ZFS is the giant in this field. Heralded as an improvement on hardware RAID. However, in my opinion it is only a small step above. You group disks into “vdevs” and then you can create a filesystem on top of any number of vdevs. The vdev system provides very flexible storage configurations. You can stripe, replicate, erasure code or some combination of the above such as striping over replicated pairs of disks. But the key limitation of ZFS is that these RAID-type configurations are still fairly static. If you have 2 disks mirrored you can’t add a 3rd disk and still have all data stored twice. If you have 3 disks with 1 parity disk you can’t add a fourth. You are also fairly limited in how you configure your redundancy. Really it is similar to LVM, except the striping on top is more dynamic. There are also some benefits to the end-to-end integration compared to a single-disk filesystem on top of an independent RAID system, but it feels more like minor optimizations rather than a fully integrated system. It also doesn’t allow mixed-redundancy in the same storage pool.

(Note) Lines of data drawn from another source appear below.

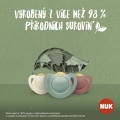 NUK Cumlík Nature latex 2ks 0-6m - zelená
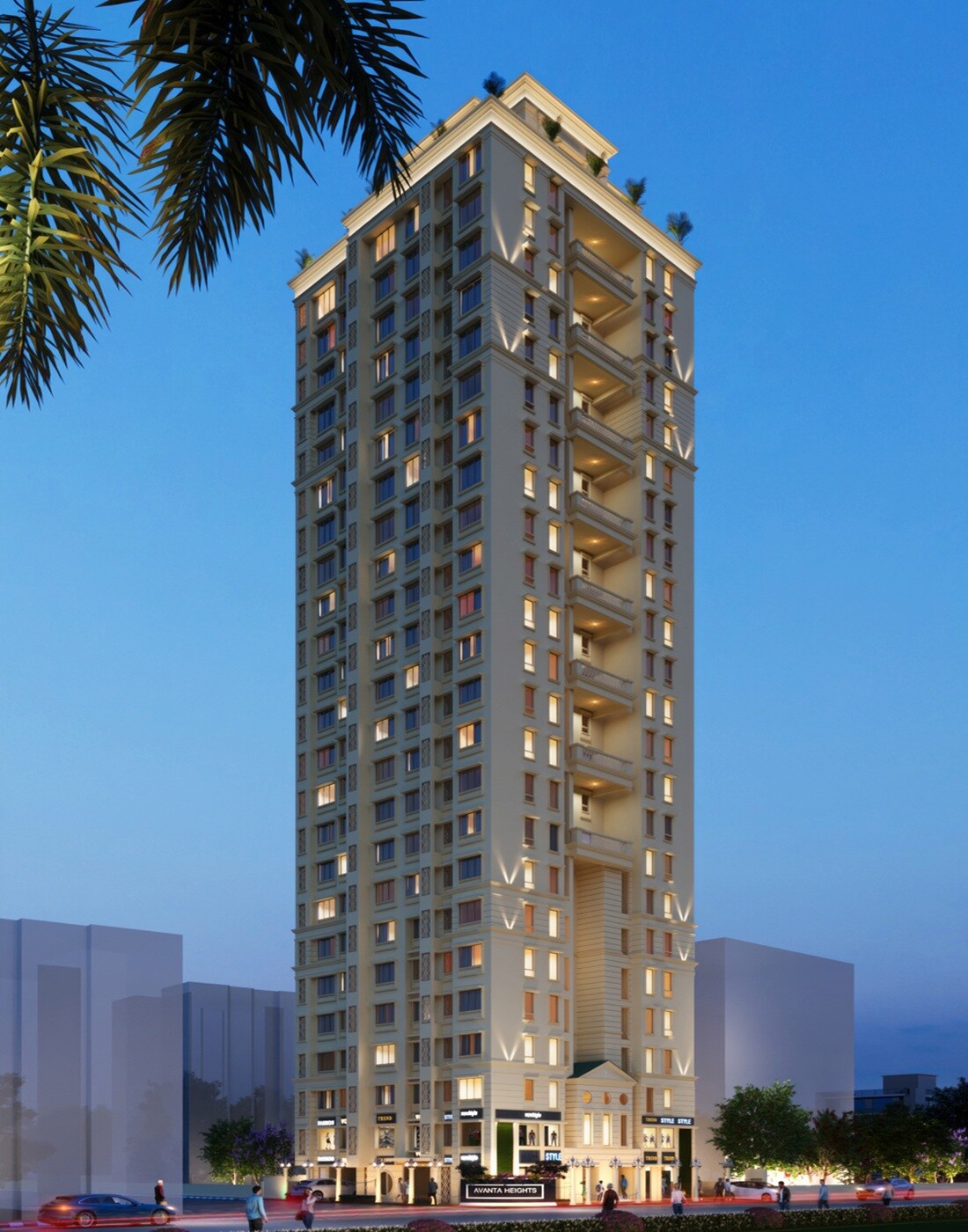 Podar Avanta Heights Apartment Exteriors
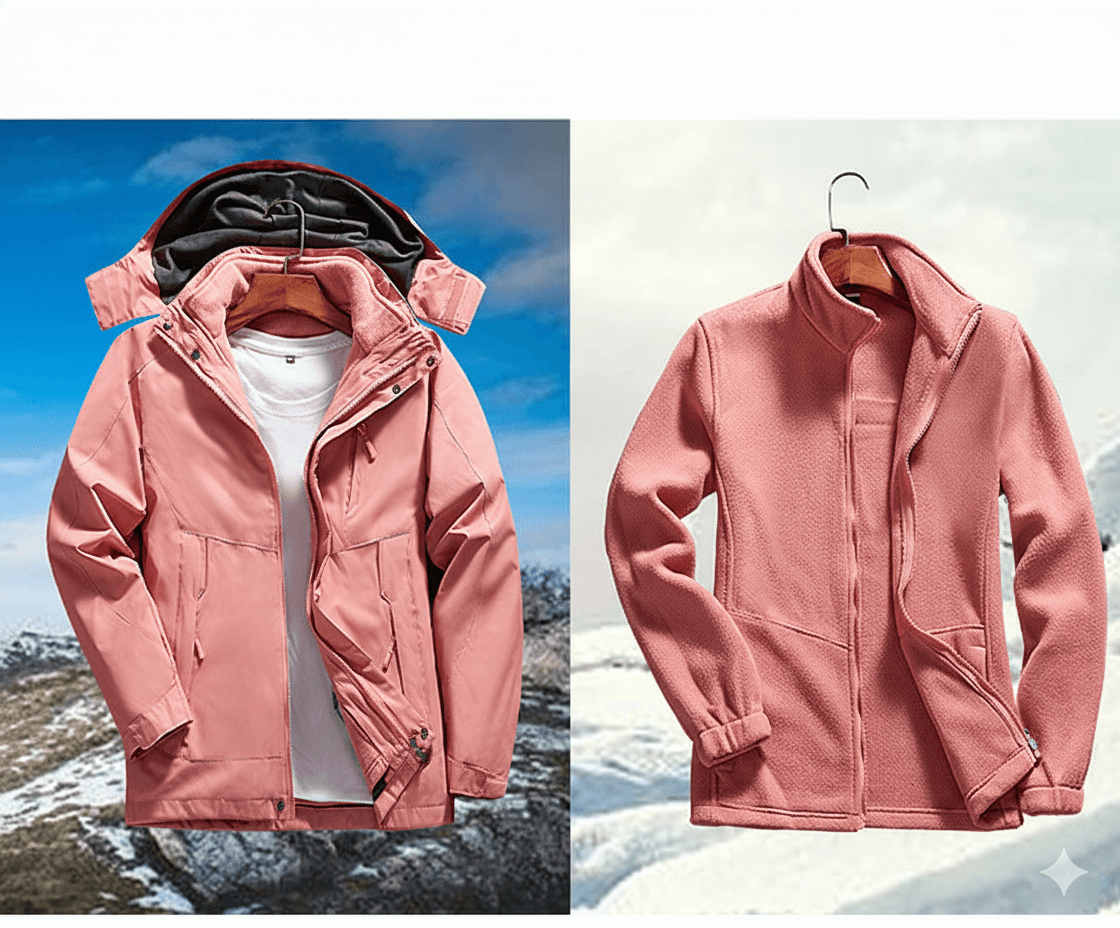 3 in 1 Damen Winter Outdoor Set
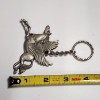 Image 3 : Pewter Pegasus Keychain ft. Red Gemstones  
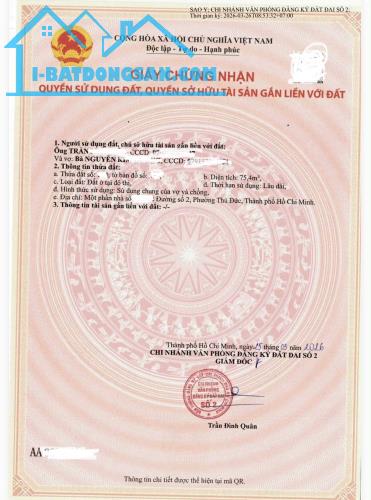 🚘Trường Thọ - Hẻm Tải Tránh - 5X17 -💰Chỉ 6.9T 🍃Đất trống - Sát đường số 2 - ngang 5m.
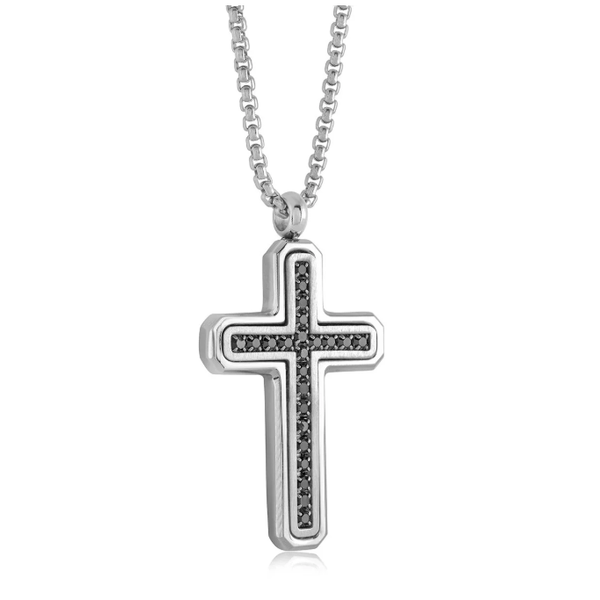 Stainless Steel Cross Necklace Mitchell's Jewelry Norman, OK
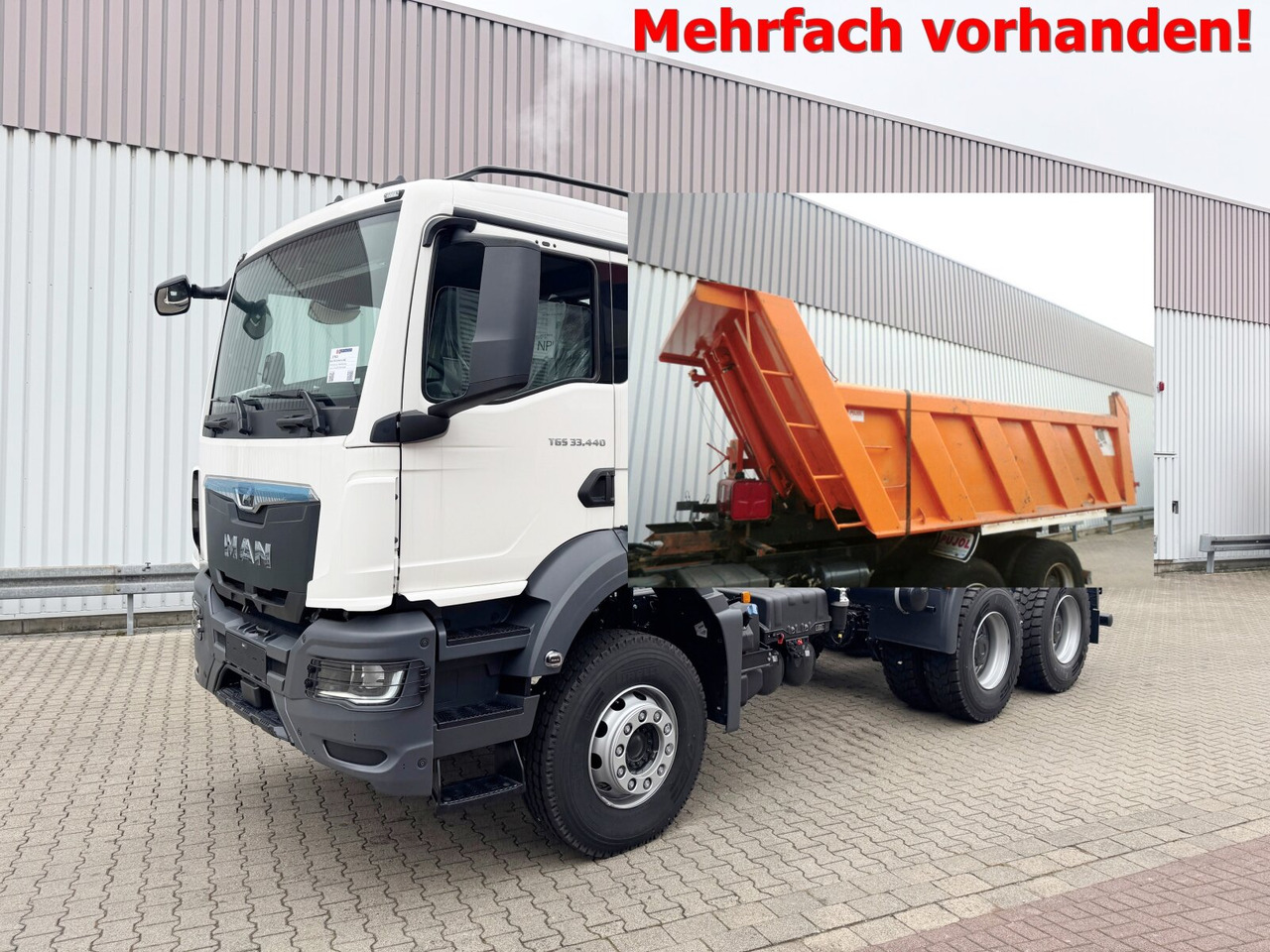 MAN TGS 33.440 BB 6x4 TGS 33.440 BB 6x4, Stahlmulde 12-16m³ - Внедорожный самосвал: фото 1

If you want a particular dataset to be unreplicated you will need to create a separate vdev with fixed space upfront and create a separate zpool.

I think ZFS fits really well in more professional use cases where you are likely to purchase and configure the whole server at once and each different use case can use a different server or at least different drives. However, for a hobbyist use case this lack of flexibility is a more severe limitation.

BTRFS

BTRFS is the next obvious contender. It solves the incremental addition problem very well. If I have a 2x replicated (RAID1) system with 2 drives and add a third drive I can immediately get that space. As long as the drive doesn’t become more than half of your storage pool it will fit right in. (Rebalancing may be required depending on previous space usage and the fraction of added storage.) It feels like an integrated system making an intelligent placement decision, instead of just following simple RAID-style rules. However, BTRFS still lacks some flexibility on the filesystem side. Each BTRFS filesystem can only have a single replication profile. So you need to decide upfront what redundancy and performance tradeoffs you want to make for your whole system, or you need to manage multiple filesystems and deal with the mostly-fixed partitioning of the storage between them.

Off Topic: It seems like BTRFS could support this. Migrating between storage “profiles” is done online, so there must be some support for multiple active profiles. It also seems that you can cancel a migration and start a different one so there is support for more than 2 profiles on the same filesystem. Maybe all that is missing is a way to configure what profile writes should use?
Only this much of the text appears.